I made it down, of course, but when I hit terra firma, I was overcome; I began to sob and laugh uncontrollably. As the others made their way down, I pulled myself together and began to digest my accomplishment. I had definitely learned the lesson the exercise was designed to teach, that fear is not an unacceptable response, but it can be confronted.

My real breakthrough, though, came later.

As the group relaxed in the valley below that awesome cliff, our instructors called us to attention. You must understand that over the week of training we had followed their every command -- jumping into cold water at dawn, being left overnight on a deserted island, swinging on a rope into a spider web net, like in the Marine recruiting ads. So we were ready to take our orders. It was time, we were told, to climb back UP.

Maybe it was because I was so totally wasted by the emotional and physical exertion, but I think it was overcoming the fear on the way down that gave me the courage to speak up. To listen to the voice calling out from within. To say NO to going back up. That "No" was the loudest sound I had ever made. It stirred more emotions than the feat I had just performed. For what felt like the first time I said what I meant. I did what I needed to do rather than what I was expected to do.

And, it wasn't the end of the world. "Ok," said the instructor, "the path up is over there."

The Fertile Void is not only a void in which we search for our voice. It is also where a new kind of fertility reveals itself. Once there, we begin taking ourselves apart and putting ourselves back together again. We enter it feeling broken and emerge having been broken open. The process is a mission without a goal. We get impatient. We feel frantic and stuck. The unremitting unknowingness is maddening. Desperate as we are, we have to give ourselves slack, to "go with the flow." The solution to being stuck is being still.

This stillness goes against everything we have learned about getting through the day. We are the generation that perfected multi-tasking and efficiency. (I still debate with myself whether when putting on sneakers, it is better to go sock-sock, shoe-shoe, or sock-shoe, sock-shoe). We've also gotten very good at mind-reading. We are expert at tuning into the needs of those we love - often at the expense of our own needs. It seems so "selfish" to put ourselves first. But it is time, as Gloria Steinem says, for a new Golden Rule: "Do Unto Yourself as You Have Been Doing Unto Others."

One woman, a recently retired teacher, described the transition as a "kind of detox" from living by the bells that had tolled her existence for 35 years. "I laugh about it," she told me, "but in some ways, I needed a bell to go to the bathroom. Everything was so structured."

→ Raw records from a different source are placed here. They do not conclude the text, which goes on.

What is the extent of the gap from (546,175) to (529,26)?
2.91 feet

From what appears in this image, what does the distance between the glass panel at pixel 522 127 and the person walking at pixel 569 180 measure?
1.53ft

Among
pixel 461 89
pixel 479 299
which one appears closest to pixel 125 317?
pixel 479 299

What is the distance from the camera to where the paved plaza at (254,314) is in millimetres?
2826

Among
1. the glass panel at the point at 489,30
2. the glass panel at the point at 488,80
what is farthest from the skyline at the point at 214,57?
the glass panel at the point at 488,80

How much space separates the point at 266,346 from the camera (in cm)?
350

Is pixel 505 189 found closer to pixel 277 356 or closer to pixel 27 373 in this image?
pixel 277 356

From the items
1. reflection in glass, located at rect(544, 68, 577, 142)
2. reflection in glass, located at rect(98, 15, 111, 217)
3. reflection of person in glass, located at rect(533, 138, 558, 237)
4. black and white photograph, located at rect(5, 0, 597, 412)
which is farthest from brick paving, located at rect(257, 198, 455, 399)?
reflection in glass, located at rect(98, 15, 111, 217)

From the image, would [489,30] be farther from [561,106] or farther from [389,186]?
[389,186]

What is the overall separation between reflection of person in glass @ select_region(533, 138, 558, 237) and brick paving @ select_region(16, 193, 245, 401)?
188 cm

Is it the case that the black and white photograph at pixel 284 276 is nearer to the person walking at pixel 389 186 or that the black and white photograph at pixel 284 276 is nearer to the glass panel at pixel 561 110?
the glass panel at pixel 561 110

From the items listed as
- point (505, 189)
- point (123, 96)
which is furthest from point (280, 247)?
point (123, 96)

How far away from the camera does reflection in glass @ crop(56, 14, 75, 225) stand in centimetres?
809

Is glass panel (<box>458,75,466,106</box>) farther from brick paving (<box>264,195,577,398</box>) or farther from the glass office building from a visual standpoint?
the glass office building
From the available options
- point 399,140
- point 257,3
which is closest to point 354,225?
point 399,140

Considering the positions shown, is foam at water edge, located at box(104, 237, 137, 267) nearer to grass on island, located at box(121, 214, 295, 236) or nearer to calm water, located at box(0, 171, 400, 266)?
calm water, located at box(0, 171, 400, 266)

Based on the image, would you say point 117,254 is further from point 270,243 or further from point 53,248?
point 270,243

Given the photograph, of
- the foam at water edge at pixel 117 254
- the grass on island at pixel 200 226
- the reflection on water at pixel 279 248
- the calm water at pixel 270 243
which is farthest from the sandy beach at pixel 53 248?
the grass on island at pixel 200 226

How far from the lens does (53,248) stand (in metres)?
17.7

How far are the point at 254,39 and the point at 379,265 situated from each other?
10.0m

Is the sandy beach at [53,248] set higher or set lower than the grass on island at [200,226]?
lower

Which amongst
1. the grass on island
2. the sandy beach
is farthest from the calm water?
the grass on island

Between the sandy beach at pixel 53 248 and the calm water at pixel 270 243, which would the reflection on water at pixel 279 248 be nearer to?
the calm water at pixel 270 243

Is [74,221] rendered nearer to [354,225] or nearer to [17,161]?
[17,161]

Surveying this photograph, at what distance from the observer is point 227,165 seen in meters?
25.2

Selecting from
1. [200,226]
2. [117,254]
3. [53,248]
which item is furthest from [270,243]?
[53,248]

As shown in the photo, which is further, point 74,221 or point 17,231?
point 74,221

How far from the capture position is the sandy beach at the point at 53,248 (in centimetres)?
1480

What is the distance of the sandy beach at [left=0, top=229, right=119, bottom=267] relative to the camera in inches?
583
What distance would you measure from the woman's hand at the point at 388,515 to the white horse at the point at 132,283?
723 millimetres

For many of us it takes a year or more to disengage from structure and habit. It takes time to shed the emotional and psychological baggage of a lifetime. It takes time to reconsider our priorities and our relationships. And to consider the consequences.

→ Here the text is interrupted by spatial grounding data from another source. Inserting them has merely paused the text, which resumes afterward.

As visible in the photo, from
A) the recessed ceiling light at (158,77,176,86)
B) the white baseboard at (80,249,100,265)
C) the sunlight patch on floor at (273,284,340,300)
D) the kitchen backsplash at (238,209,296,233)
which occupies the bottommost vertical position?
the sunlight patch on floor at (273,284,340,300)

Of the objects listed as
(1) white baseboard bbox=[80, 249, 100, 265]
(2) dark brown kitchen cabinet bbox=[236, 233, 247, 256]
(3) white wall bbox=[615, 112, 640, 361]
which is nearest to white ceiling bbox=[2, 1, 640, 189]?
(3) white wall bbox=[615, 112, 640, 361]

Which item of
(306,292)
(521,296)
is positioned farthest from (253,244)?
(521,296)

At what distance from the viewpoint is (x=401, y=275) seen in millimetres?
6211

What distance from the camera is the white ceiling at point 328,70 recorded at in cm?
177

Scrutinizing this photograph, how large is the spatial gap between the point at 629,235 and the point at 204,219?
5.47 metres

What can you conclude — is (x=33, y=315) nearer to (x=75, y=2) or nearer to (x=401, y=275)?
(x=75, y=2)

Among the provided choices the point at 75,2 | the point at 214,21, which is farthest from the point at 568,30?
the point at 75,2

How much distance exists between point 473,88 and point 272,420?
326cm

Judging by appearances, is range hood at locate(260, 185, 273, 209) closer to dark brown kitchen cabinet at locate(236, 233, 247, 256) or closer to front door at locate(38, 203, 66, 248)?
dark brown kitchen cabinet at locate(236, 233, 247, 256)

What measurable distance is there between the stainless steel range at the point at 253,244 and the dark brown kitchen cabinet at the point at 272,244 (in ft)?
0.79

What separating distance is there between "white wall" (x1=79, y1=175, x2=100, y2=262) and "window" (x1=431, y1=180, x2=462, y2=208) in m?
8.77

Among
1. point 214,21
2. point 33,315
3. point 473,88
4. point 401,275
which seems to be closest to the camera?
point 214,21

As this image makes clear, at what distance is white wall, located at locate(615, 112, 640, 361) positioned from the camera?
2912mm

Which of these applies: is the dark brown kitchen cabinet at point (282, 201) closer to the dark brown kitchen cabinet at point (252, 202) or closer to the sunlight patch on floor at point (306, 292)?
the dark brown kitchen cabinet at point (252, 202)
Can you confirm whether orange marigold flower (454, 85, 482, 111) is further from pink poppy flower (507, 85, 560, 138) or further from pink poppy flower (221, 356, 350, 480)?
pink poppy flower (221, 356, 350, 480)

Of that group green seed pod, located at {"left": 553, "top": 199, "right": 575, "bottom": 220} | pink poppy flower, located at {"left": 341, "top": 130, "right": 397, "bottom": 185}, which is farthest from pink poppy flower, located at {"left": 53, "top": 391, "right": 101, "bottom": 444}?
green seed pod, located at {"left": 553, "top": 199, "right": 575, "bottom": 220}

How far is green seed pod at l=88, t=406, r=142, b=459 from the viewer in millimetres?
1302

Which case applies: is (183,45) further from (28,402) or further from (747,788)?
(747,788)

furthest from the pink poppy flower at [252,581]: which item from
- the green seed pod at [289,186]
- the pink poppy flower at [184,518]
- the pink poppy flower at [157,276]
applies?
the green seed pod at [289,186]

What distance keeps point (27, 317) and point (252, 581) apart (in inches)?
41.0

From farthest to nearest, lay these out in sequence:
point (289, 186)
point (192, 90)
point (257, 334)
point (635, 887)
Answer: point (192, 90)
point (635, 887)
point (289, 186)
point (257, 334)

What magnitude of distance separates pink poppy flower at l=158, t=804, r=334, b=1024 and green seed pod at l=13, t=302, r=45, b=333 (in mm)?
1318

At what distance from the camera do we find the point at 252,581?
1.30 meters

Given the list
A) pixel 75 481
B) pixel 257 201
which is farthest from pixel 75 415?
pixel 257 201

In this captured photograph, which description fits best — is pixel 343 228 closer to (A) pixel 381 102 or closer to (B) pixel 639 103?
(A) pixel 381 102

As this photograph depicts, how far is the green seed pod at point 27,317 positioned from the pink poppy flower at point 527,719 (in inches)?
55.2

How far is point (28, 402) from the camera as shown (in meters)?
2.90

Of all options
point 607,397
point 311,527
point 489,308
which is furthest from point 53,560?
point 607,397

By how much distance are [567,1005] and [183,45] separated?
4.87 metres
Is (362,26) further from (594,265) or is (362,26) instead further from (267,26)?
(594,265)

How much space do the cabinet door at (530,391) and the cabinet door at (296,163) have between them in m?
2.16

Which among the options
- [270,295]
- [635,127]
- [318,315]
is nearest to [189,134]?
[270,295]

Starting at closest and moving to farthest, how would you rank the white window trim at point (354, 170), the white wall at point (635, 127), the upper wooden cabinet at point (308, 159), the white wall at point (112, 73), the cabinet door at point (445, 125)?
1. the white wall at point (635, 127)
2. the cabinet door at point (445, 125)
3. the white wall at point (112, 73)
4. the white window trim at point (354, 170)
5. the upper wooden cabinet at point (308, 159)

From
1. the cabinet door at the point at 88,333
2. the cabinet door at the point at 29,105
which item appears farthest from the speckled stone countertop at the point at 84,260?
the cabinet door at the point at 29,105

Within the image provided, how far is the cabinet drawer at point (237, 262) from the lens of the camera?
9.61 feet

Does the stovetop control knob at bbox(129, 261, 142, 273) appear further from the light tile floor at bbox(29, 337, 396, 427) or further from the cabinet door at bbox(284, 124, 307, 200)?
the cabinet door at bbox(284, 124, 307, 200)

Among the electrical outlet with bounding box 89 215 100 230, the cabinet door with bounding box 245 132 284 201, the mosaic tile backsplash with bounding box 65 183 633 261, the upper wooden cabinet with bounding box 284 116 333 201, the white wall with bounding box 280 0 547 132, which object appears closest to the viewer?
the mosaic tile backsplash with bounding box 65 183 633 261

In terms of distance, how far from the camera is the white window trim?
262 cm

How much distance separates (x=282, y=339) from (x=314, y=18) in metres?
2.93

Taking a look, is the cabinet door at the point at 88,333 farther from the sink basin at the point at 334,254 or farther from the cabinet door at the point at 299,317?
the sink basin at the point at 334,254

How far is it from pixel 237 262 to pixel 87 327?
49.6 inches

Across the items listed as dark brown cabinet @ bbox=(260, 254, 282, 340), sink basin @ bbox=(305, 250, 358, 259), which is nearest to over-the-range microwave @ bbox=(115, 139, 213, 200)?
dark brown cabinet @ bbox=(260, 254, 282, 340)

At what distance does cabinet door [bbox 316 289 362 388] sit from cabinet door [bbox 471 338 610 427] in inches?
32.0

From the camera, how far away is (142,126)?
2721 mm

And there are consequences. We may be in a void but we are not in a vacuum, and as we move closer to who we want to be for the rest of our lives, our relationships are affected. Marriages flounder on their staleness or toxicity. Friendships are shed. Children are outraged to discover that you are not on call 24/7 anymore. And those who have counted on us for so long may become afraid that after all the changes we are going through, we won't love them as devotedly as before. In most cases, though, they and we learn to keep loving in a new mutually-nurturing way.

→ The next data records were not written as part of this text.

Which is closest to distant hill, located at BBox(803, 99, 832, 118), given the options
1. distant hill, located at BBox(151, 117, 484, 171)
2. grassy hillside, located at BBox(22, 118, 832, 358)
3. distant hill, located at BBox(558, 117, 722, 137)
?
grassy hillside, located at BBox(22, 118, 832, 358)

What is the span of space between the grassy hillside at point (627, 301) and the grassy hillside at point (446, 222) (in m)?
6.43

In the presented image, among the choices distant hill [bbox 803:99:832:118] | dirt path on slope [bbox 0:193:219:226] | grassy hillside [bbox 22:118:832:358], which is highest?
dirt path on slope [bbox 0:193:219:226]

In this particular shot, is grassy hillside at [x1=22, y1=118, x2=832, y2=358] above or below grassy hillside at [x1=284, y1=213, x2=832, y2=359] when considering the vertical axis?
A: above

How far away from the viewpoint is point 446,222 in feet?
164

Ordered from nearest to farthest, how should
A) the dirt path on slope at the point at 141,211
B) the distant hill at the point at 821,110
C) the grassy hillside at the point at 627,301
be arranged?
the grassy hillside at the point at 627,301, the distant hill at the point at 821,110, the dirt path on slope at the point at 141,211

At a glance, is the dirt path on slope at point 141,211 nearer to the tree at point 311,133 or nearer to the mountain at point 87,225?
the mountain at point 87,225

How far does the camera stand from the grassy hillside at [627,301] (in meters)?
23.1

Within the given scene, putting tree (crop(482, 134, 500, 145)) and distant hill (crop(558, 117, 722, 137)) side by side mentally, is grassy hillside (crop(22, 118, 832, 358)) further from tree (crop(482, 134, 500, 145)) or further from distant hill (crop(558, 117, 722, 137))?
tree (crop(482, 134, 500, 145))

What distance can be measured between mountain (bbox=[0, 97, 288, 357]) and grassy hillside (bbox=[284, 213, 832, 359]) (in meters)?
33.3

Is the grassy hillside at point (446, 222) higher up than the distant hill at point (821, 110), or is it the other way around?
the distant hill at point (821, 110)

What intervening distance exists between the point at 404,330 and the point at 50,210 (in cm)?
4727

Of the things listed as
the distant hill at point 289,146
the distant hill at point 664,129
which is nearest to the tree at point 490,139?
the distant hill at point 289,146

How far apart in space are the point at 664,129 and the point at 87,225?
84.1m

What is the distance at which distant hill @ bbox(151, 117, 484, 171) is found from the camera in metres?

By the time you head out of The Fertile Void, you are traveling lighter and your very own pilot light is burning clear and true. In the distance you can make out the outlines of a safe harbor. It is your authentic and empowered self. In the Gnostic Gospels (Elaine Pagels/Vintage), Jesus is reported to have said, "If you bring forth what is within you, what you bring forth will save you. If you do not bring forth what is within you, what you do not bring forth will destroy you." The Fertile Void is where that choice is made.